### Work order
Copy the listing exactly, images excluded.

### Collected data
==================================================

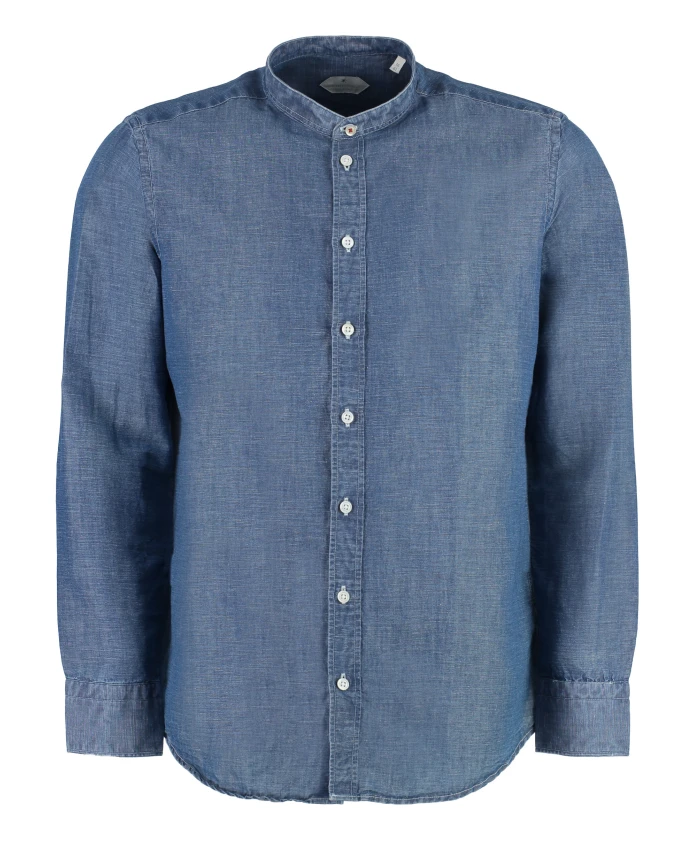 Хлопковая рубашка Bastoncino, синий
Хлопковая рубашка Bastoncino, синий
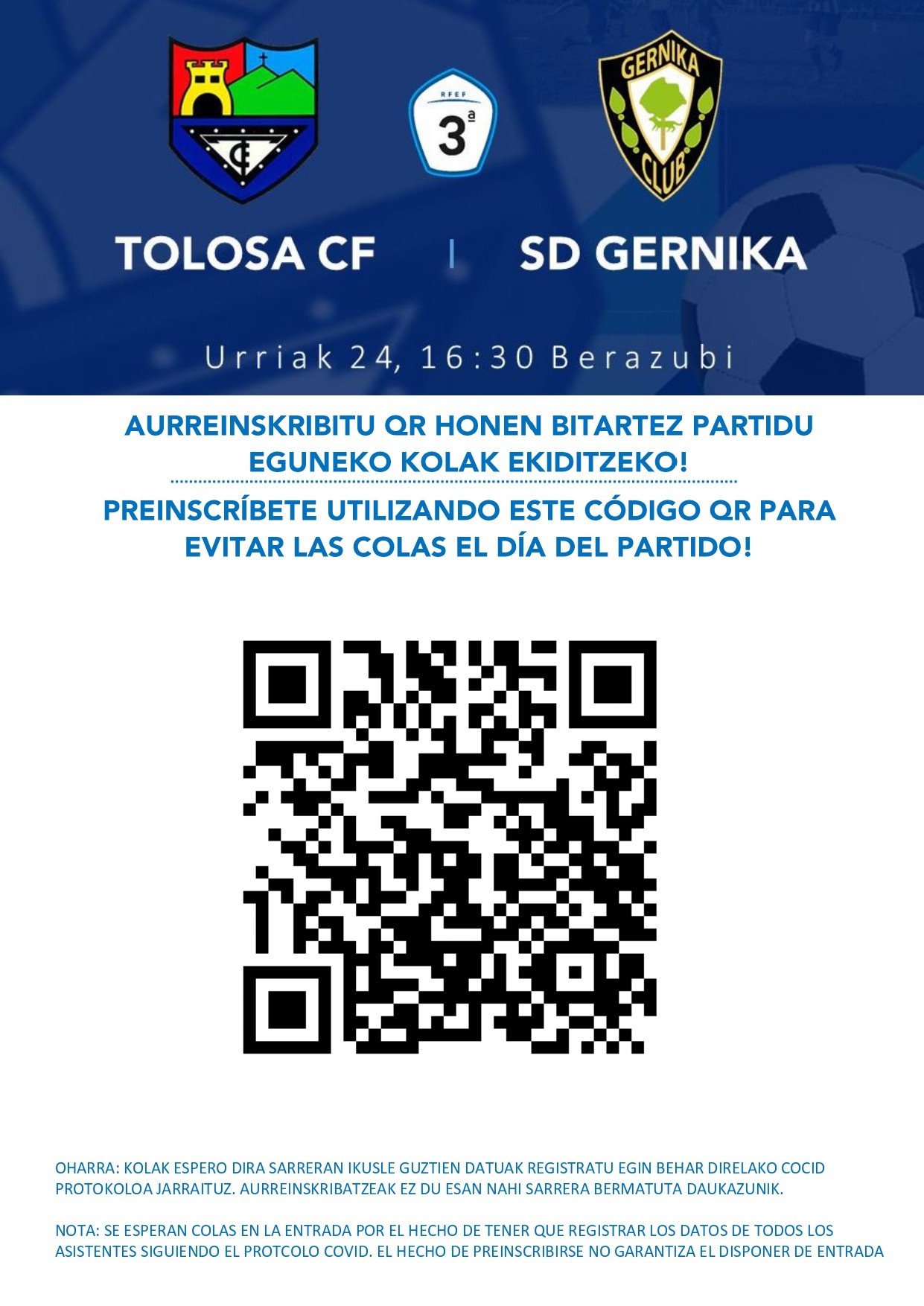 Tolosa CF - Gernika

==================================================

### Solved exercise
 Хлопковая рубашка Bastoncino, синий
Хлопковая рубашка Bastoncino, синий
 Tolosa CF - Gernika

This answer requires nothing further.